**DATA SHOWN**:
-- Opening Marker --
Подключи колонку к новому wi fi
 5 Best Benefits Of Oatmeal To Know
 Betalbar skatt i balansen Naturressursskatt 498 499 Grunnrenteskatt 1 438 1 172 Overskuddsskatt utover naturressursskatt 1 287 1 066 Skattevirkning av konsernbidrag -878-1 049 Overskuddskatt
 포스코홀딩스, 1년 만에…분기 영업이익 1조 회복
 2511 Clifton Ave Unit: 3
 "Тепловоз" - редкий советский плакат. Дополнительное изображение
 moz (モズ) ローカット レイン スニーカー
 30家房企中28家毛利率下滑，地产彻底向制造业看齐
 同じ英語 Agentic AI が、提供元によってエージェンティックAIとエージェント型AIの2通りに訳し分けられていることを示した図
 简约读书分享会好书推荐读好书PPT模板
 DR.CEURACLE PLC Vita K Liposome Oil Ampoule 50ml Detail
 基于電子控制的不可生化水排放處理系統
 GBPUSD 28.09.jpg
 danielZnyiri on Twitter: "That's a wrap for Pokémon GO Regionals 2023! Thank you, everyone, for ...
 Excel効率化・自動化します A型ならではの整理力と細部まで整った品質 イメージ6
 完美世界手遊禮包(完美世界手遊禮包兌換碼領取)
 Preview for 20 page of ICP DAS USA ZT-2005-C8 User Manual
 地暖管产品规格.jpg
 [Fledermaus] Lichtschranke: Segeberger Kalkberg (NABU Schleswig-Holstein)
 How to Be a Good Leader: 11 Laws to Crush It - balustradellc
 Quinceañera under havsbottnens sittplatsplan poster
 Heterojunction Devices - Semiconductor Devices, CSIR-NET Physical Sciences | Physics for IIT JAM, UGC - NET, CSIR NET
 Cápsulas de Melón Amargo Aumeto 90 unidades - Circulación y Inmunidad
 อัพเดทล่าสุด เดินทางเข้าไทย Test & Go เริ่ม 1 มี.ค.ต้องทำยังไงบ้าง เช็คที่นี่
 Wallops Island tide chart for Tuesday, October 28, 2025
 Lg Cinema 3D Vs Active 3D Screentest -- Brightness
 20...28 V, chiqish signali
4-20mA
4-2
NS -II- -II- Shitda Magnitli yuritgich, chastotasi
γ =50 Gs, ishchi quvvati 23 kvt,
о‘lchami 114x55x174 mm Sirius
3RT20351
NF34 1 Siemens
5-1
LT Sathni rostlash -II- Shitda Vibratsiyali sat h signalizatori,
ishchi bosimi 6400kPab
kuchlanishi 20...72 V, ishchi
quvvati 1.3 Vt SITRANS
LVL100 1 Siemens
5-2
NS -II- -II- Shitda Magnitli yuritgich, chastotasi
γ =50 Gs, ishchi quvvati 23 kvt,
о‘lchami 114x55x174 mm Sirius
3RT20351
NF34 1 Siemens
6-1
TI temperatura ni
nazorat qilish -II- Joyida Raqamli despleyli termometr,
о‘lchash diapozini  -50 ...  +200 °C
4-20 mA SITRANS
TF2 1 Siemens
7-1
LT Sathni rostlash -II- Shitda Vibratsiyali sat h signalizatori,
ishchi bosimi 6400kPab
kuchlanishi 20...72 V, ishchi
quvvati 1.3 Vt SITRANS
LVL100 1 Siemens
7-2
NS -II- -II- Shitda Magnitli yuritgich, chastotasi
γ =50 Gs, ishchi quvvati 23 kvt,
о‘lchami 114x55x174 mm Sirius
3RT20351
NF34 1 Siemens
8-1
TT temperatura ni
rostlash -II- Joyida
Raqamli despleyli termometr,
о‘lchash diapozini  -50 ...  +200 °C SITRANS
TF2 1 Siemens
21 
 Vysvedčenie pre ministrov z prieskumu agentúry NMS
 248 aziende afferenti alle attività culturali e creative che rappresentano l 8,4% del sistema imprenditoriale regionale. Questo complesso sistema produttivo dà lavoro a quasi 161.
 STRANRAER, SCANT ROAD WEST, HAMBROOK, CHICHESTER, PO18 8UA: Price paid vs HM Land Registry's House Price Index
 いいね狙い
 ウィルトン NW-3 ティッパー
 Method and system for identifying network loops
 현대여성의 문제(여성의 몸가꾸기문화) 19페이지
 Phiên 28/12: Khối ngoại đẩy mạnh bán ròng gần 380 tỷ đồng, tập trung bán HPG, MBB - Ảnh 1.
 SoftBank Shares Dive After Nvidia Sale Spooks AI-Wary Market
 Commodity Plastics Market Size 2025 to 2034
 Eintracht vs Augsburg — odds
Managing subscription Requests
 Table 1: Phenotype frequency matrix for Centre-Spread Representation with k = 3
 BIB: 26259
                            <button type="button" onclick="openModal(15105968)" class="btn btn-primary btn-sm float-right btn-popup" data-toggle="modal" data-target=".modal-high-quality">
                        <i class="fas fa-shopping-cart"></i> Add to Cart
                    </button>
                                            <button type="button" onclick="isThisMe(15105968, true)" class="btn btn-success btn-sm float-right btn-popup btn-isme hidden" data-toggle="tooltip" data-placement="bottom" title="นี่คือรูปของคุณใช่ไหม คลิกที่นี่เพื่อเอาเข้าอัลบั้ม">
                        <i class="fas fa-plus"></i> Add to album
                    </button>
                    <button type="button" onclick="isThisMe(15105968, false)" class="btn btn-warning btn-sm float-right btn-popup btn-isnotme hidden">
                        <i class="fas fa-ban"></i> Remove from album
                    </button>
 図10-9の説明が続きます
-- Closing Marker --
**EXERCISE**: Restate word for word the lines from the one holding "btn-success btn-sm float-right" through the last line of the listing, omitting every earlier line.

**SOLUTION TO THE PROBLEM**:
                                            <button type="button" onclick="isThisMe(15105968, true)" class="btn btn-success btn-sm float-right btn-popup btn-isme hidden" data-toggle="tooltip" data-placement="bottom" title="นี่คือรูปของคุณใช่ไหม คลิกที่นี่เพื่อเอาเข้าอัลบั้ม">
                        <i class="fas fa-plus"></i> Add to album
                    </button>
                    <button type="button" onclick="isThisMe(15105968, false)" class="btn btn-warning btn-sm float-right btn-popup btn-isnotme hidden">
                        <i class="fas fa-ban"></i> Remove from album
                    </button>
 図10-9の説明が続きます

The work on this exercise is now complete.